Woe to you, teachers of the law and Pharisees, you hypocrites! You give a tenth of your spices—mint, dill and cumin. But you have neglected the more important matters of the law—justice, mercy and faithfulness. [v. 23]
So what do Christians in our day do instead of justice, mercy, and faithfulness? Much of what we call “morality” today serves the purpose of being an alternative to justice, mercy, faithfulness.
Woe to you, teachers of the law and Pharisees, you hypocrites! You are like whitewashed tombs, which look beautiful on the outside but on the inside are full of the bones of the dead and everything unclean. [v. 27]
Evangelicals today are very good at calling out works-righteousness, but the way we set ourselves apart as Christians is often in terms of our own set of “Thou shalt nots” which have more to do with middle-class social values (no drinking, no sex, no cussing) than Biblical priorities. The point of realizing what Jesus has done for us is so that we can experience an inner transformation and be filled with the fruits of the Spirit: “love, joy, peace, forbearance, kindness, goodness, faithfulness, gentleness, and self-control” (Galatians 5:22-23). How we conduct ourselves on the outside is secondary to the internal surrender to God that produces these fruits.
Woe to you, teachers of the law and Pharisees, you hypocrites! You build tombs for the prophets and decorate the graves of the righteous. And you say, ‘If we had lived in the days of our ancestors, we would not have taken part with them in shedding the blood of the prophets.’ So you testify against yourselves that you are the descendants of those who murdered the prophets.

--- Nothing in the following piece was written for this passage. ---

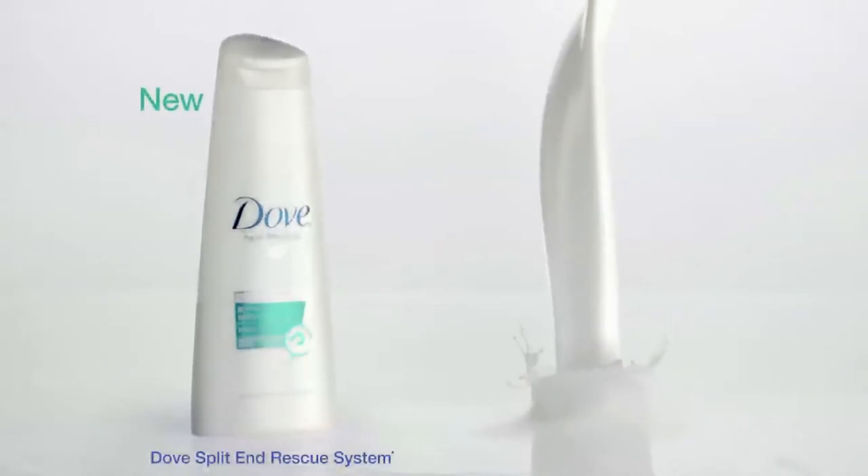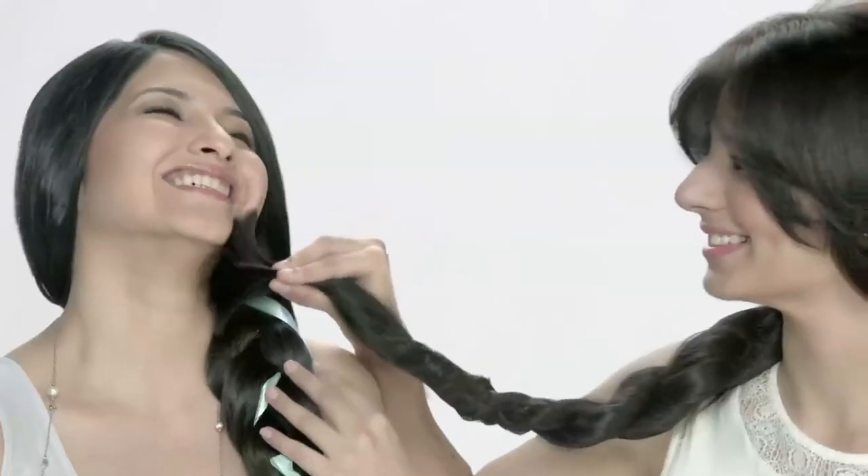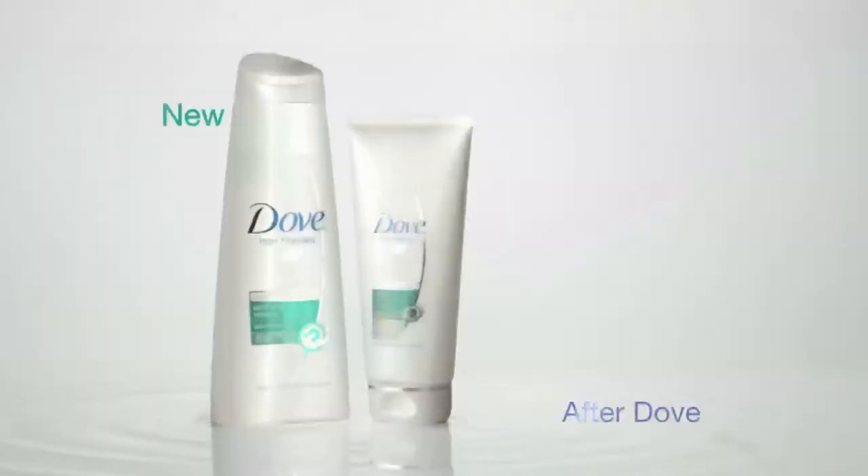Try new Dove Split End Rescue System with one-fourth moisturizing milk and breakthrough split end technology that nourishes your hair to give you up to four times less split ends. The result after Dove? No more split end worries — just beautiful hair from end to end.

Go ahead, then, and complete what your ancestors started! [vv. 29-32]
So many evangelicals today revere the prophets of our past like Martin Luther and John Calvin, who were very controversial and unpopular in their day, but then ferociously attack the prophets of today. Who would Martin Luther and John Calvin be in our context? Or have we arrived at the “end of history” where we’ve finally gotten everything right and there’s nothing left to critique? Every age the church goes through has its own stagnation, worldly idolatries, and heresies, which create a need for prophetic critics. That doesn’t mean that everyone criticizing the church today is a legitimate prophet, but we should be listening very closely to the way that God is calling us to task for our idolatries and heresies. And it may be the case that the shrillest of the discernmentalists are the biggest heretics of all.
So in conclusion, I would say that Mark Driscoll is right in a way: Jesus hates Pharisees because they dedicate their lives to sabotaging His mission of sharing God’s love with the world. In trying to be the ultimate insiders, they become the ultimate counter-revolutionaries. Another way of saying this is God hates people who hate His grace (even if they’re in love with their doctrine of grace).
But… I don’t think Pharisees have to stay Pharisee. At least I know that every time I start to act like a Pharisee, God pours out His wrath on me and helps me remember that I’m just a worthless Samaritan without Him, but part of something more beautiful than I could ever be on my own because of His grace.